TASK BRIEF: A verbatim printing of the entries that follow is needed; pictures must not appear in it.

START INPUT FOR THIS TASK

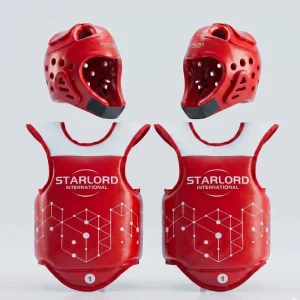Taekwondo Electronic PSS Scoring System with Sensor Foot Guard Chest Guard Socks Body Protector Headgear for Accurate Scoring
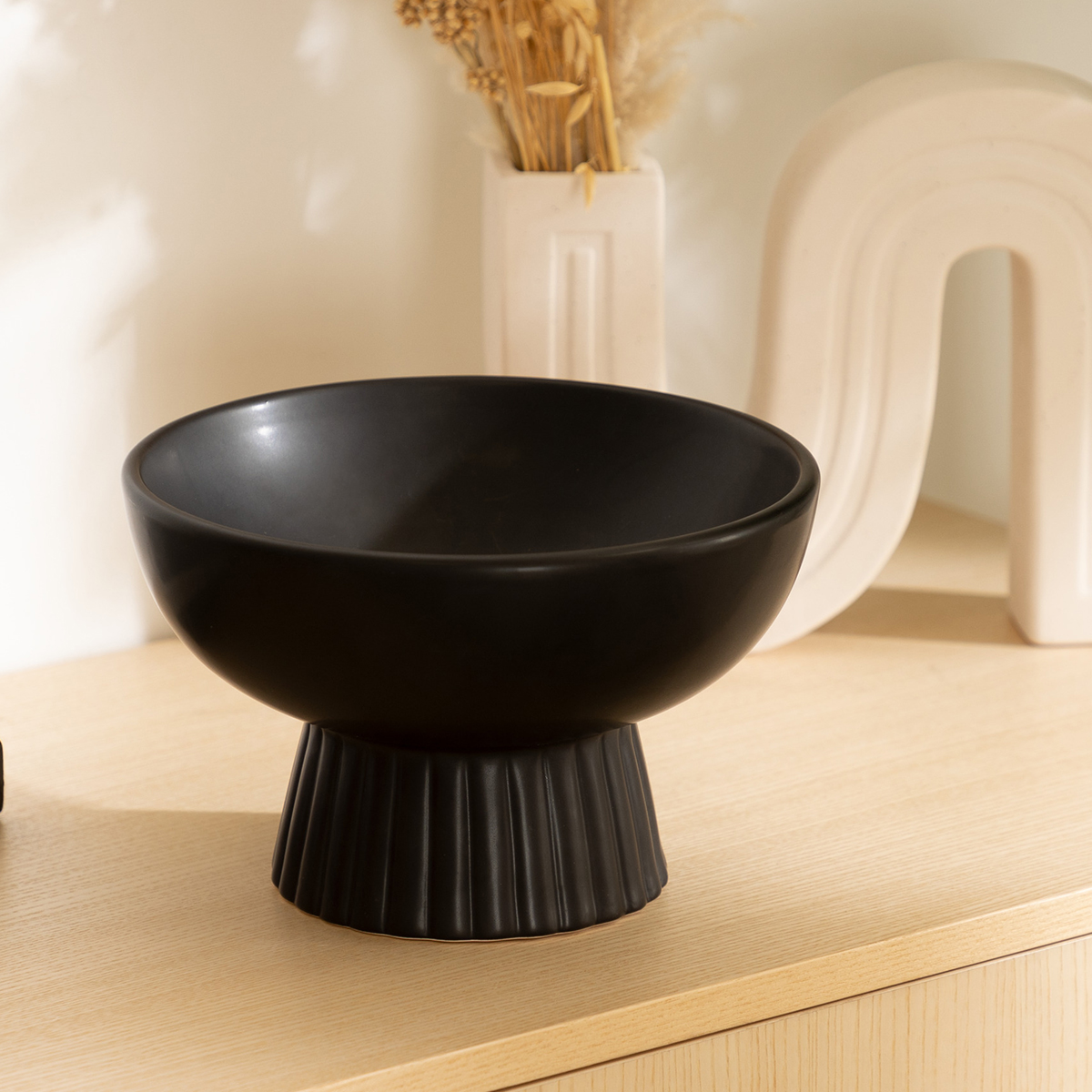 Διακοσμητικό Μπολ (Φ22x14) A-S Chaya Black 195022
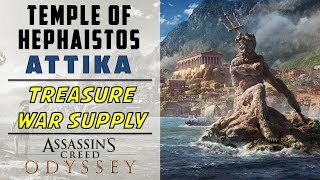 Temple of Hephaistos Attika  Loot amp War Supply Location  ASSASSINS CREED ODYSSEY [upl. by Lemmy]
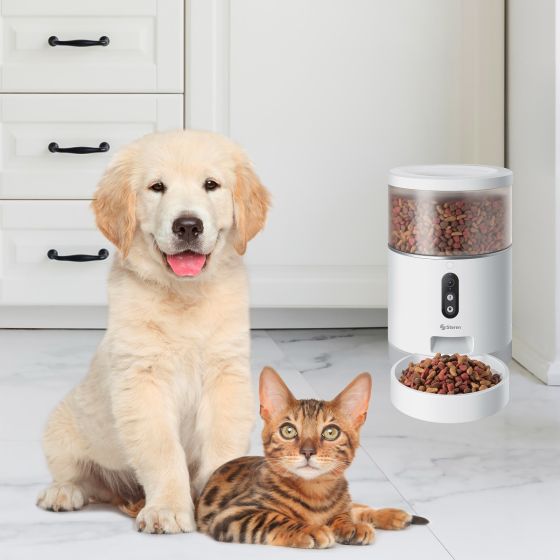 Insignia desmayarse ataque Dispensador Wi-Fi de alimento para mascotas con cámara
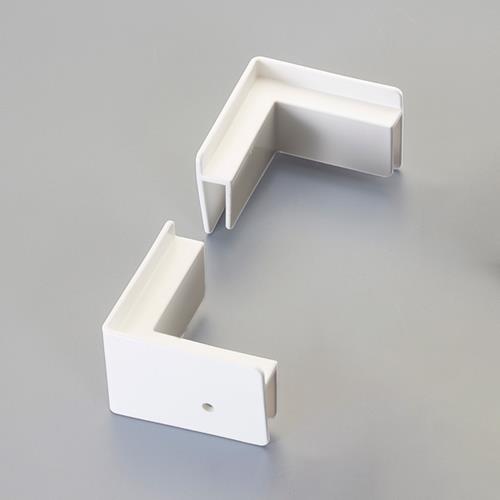 ESCO(エスコ) 70x70mm プラダン用コーナー(WxW用/白/4個) EA911BG-3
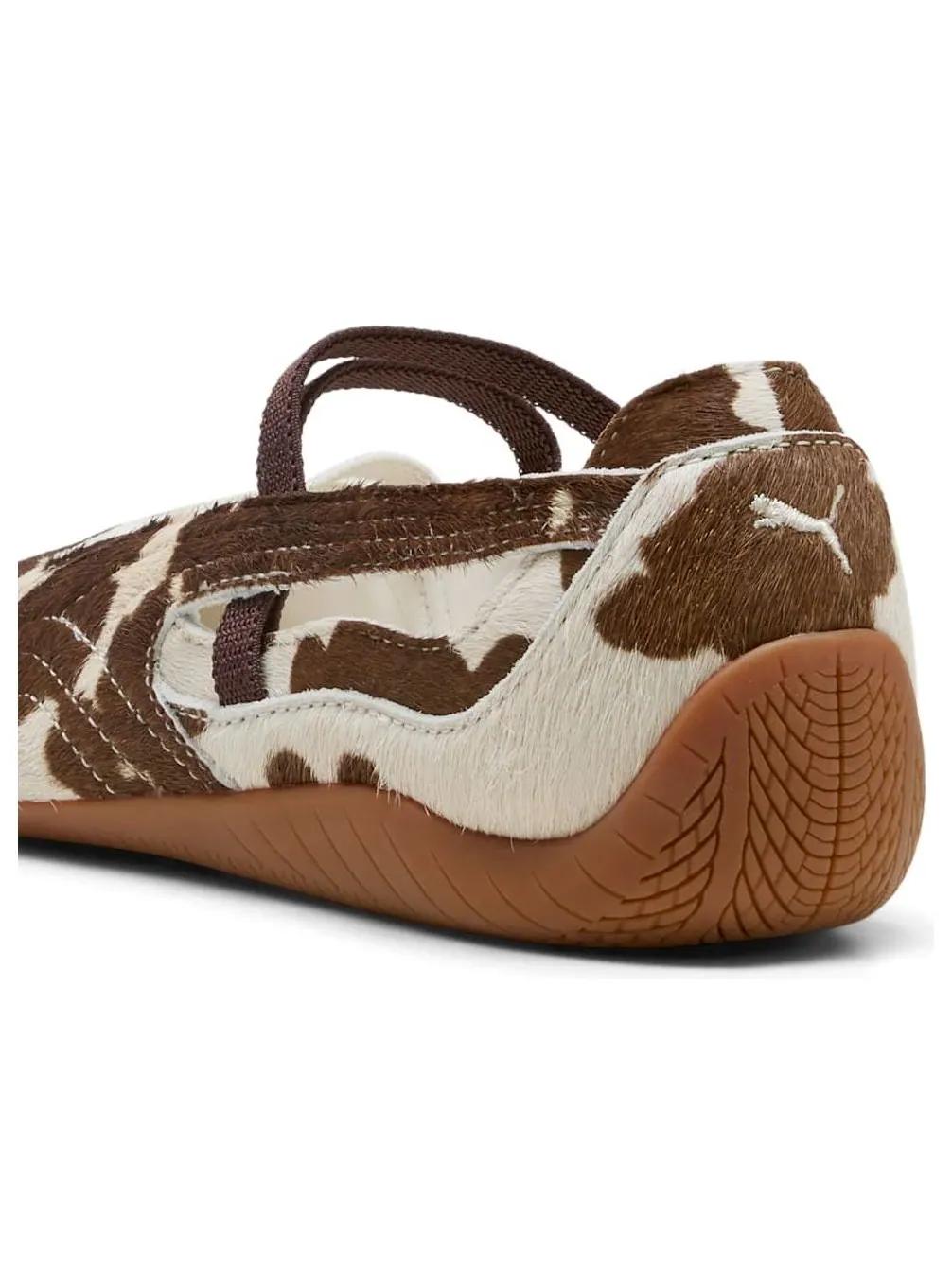 Кроссовки (WMNS) PUMA Speedcat Ballet 'Cow Print' — изображение 4 из 6, коричневый
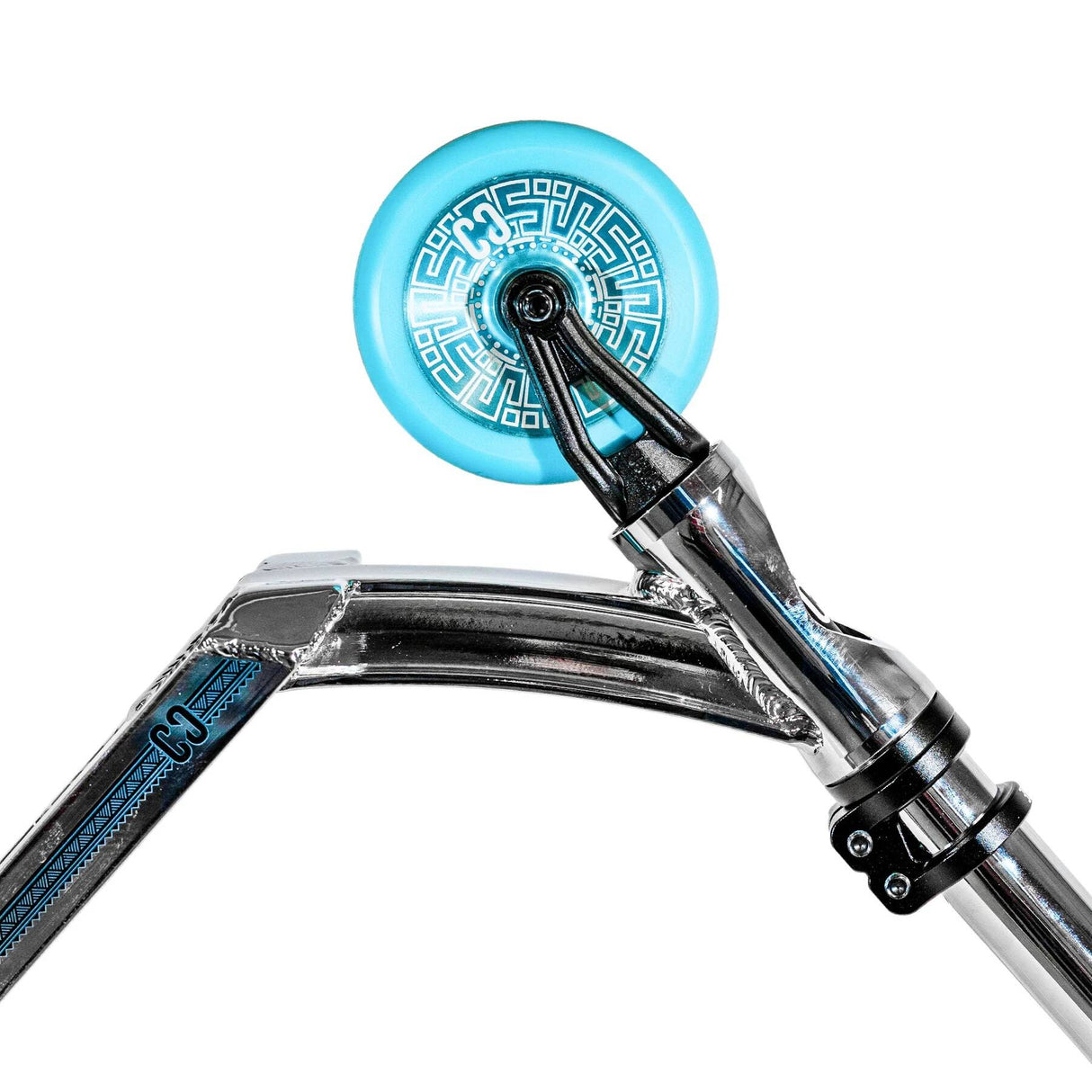 CORE Mini CL1 Stunt Scooter - Chrome/Teal LE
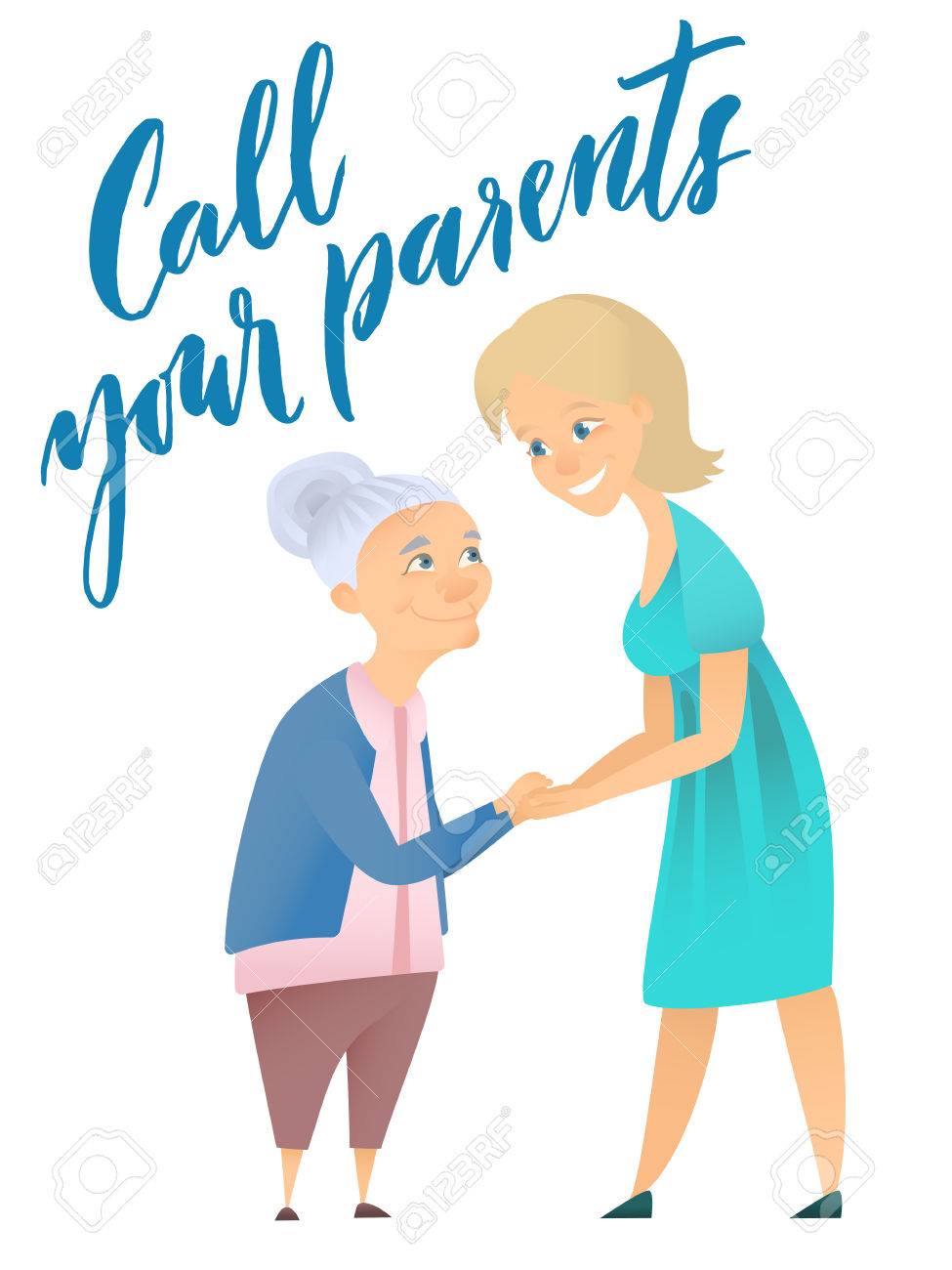 Image result for CALL PARENTS CARTOON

END INPUT FOR THIS TASK

OUTPUT BELOW:
Taekwondo Electronic PSS Scoring System with Sensor Foot Guard Chest Guard Socks Body Protector Headgear for Accurate Scoring
 Διακοσμητικό Μπολ (Φ22x14) A-S Chaya Black 195022
 Temple of Hephaistos Attika  Loot amp War Supply Location  ASSASSINS CREED ODYSSEY [upl. by Lemmy]
 Insignia desmayarse ataque Dispensador Wi-Fi de alimento para mascotas con cámara
 ESCO(エスコ) 70x70mm プラダン用コーナー(WxW用/白/4個) EA911BG-3
 Кроссовки (WMNS) PUMA Speedcat Ballet 'Cow Print' — изображение 4 из 6, коричневый
 CORE Mini CL1 Stunt Scooter - Chrome/Teal LE
 Image result for CALL PARENTS CARTOON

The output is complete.